12. A King’s Appetite

Alex

Iwas dreaming of fire when the touch came.

Not the warm, golden kind that lived between Atlas and me, but the other sort.

The kind that smelled of scorched skin and basements and a voice I had once trusted telling me it was for my own good.

So, when fingers brushed the bare skin of my shoulder, my body reacted before my mind could catch up.

I jerked violently away as a gasp tore out of me, and my eyes flew open to a room I didn’t immediately recognize.

“Easy. Easy, my love, it’s only me.”

The voice settled over me like a healing balm, low and impossibly gentle, and the panic drained out of me as quickly as it had come.

Atlas.

Of course, it was him.

I was in his ridiculous island of a bed, tangled in sheets that smelled of him, with sunlight pouring through the tall windows and not a single basement in sight.

He shifted closer, and I felt the warmth of his lips press softly against the curve of my shoulder.

“There she is,” he murmured against my skin, the words a quiet echo of the night before. “Forgive me.
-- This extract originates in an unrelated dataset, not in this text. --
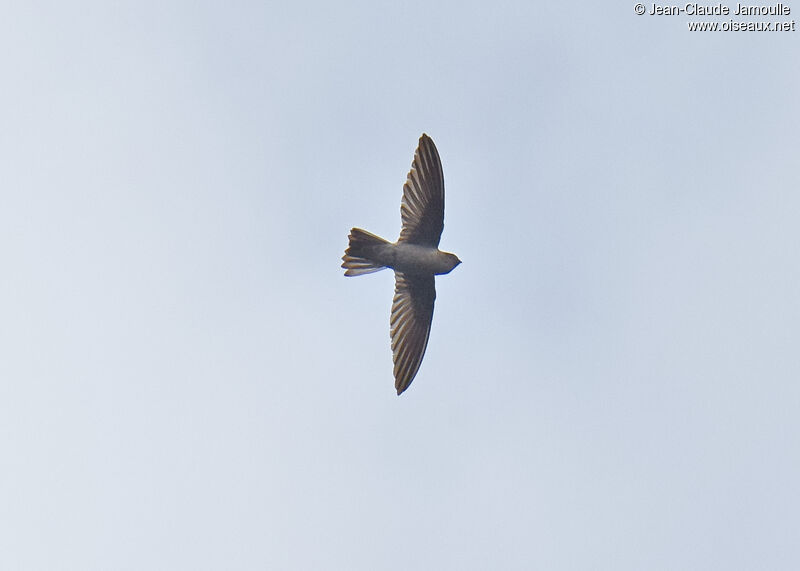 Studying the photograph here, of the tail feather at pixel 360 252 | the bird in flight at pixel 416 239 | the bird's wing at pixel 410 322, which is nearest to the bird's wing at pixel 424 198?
the bird in flight at pixel 416 239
I didn’t mean to frighten you.”

“You didn’t,” I lied, my heart still galloping. “I just… wasn’t expecting…” I trailed off because his hand had drifted lower, tracing an idle path down my spine, and the moment his fingers found the ruined skin there, I went rigid.

The scar.

My back was bare.

Every muscle in my body locked tight as ice flooded my veins, and the words came tumbling out before I could stop them, clumsy and panicked.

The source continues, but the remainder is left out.